Exercise requirements:
Starting with the line that contains "Kazbegi House |" and ending with the last line of the entries, repeat exactly those lines and nothing else, pictures excluded.

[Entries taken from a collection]
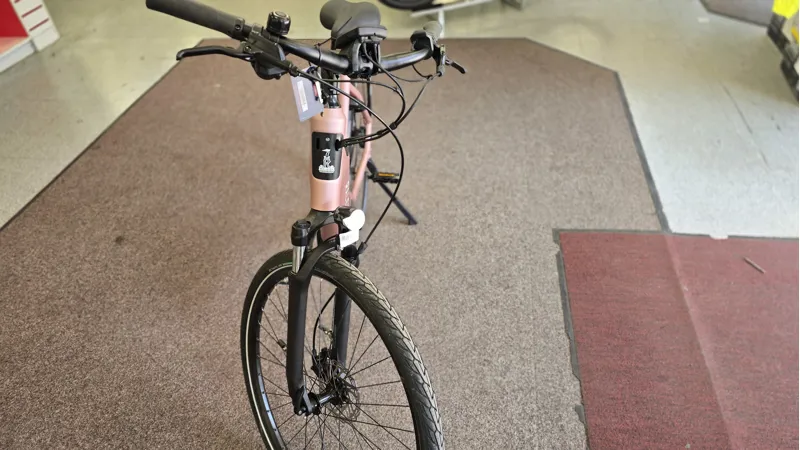 EX-DEMO Raleigh Motus Tour 700c Electric Hybrid Bike Pink 500Wh-5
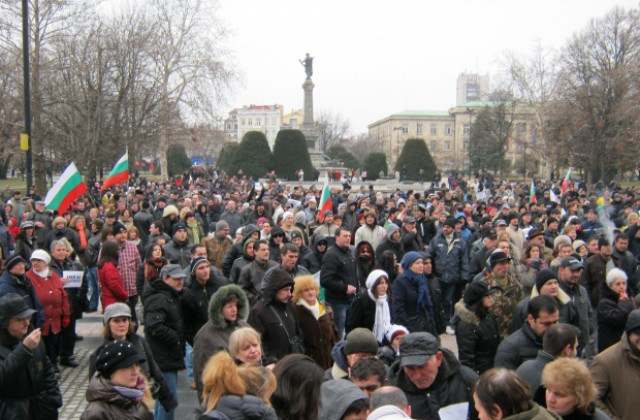 Русенци протестират срещу монополите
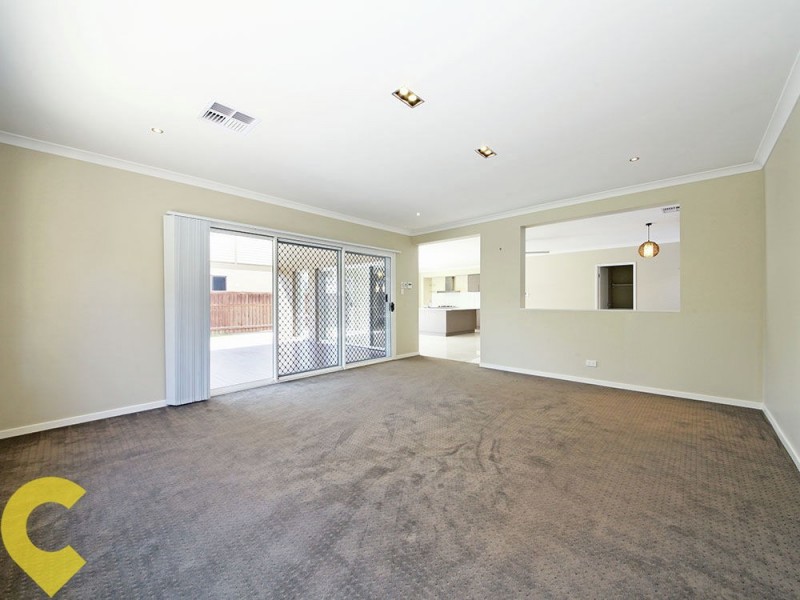 14 Nicklaus Parade, North Lakes QLD 4509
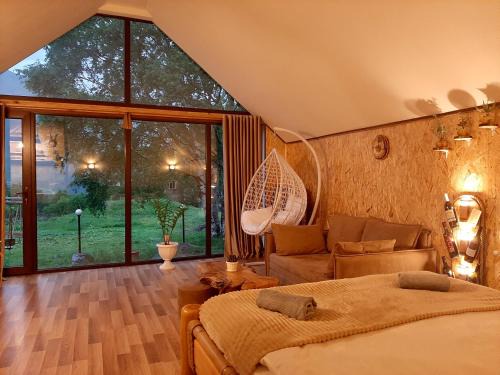 Kazbegi House | Cozy Kazbegi Cottages with Oceanfront Views & Breakfast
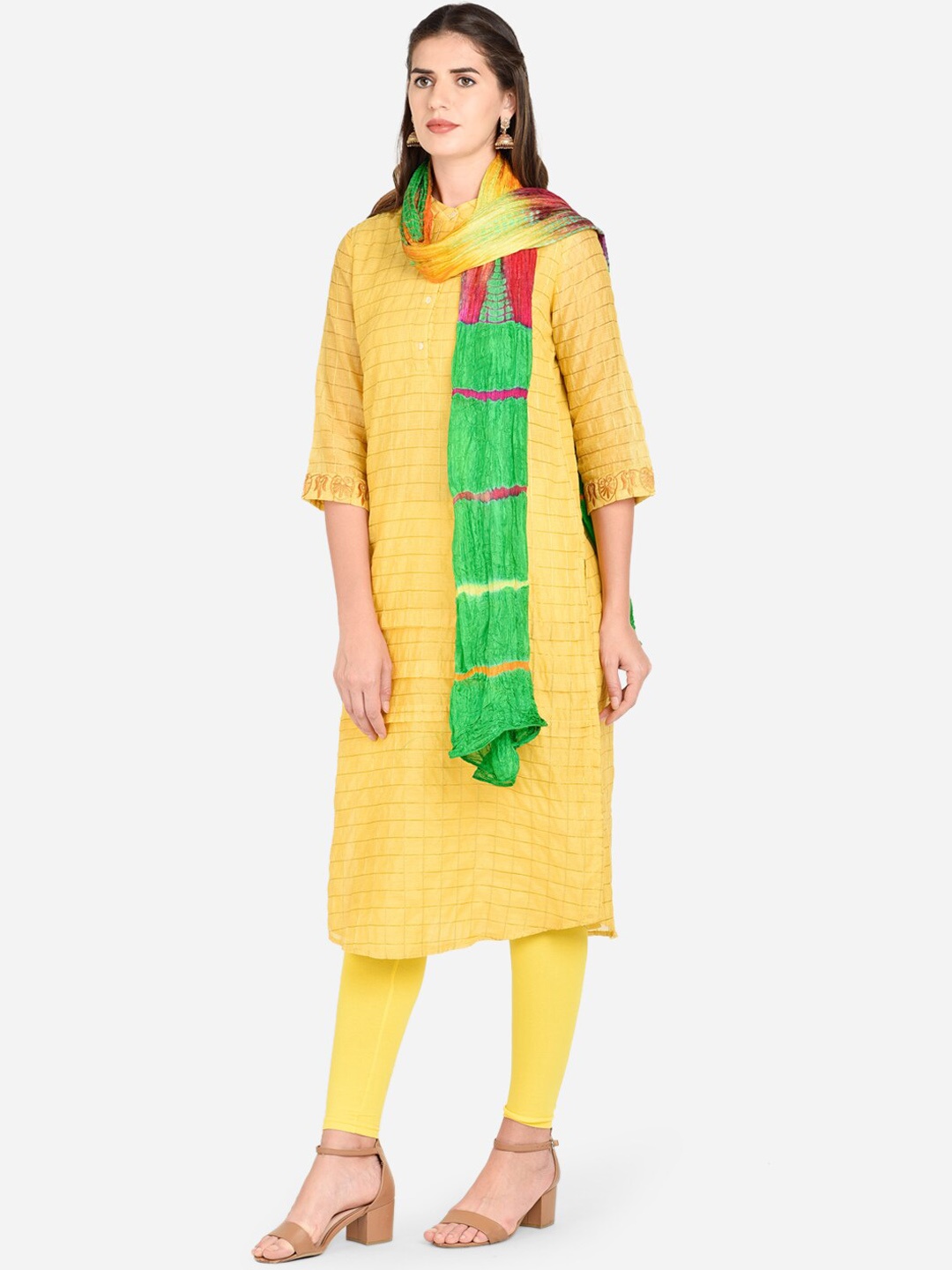 

Dupatta Bazaar Green Striped Dupatta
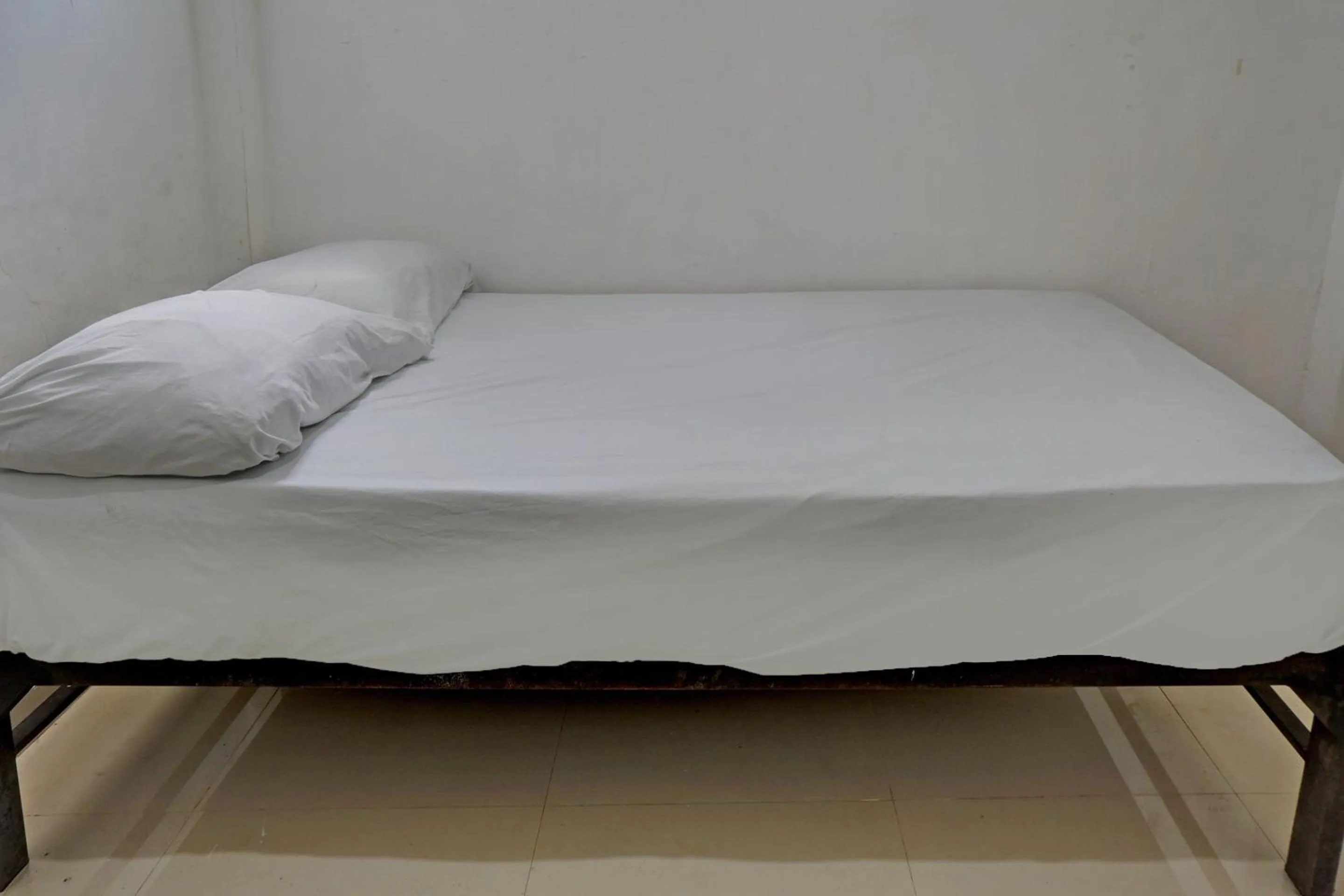 Bedroom, Bed in OYO Life 92919 Kost Wijaya Kusuma Lake Syariah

Output for this exercise:
 Kazbegi House | Cozy Kazbegi Cottages with Oceanfront Views & Breakfast

Dupatta Bazaar Green Striped Dupatta
 Bedroom, Bed in OYO Life 92919 Kost Wijaya Kusuma Lake Syariah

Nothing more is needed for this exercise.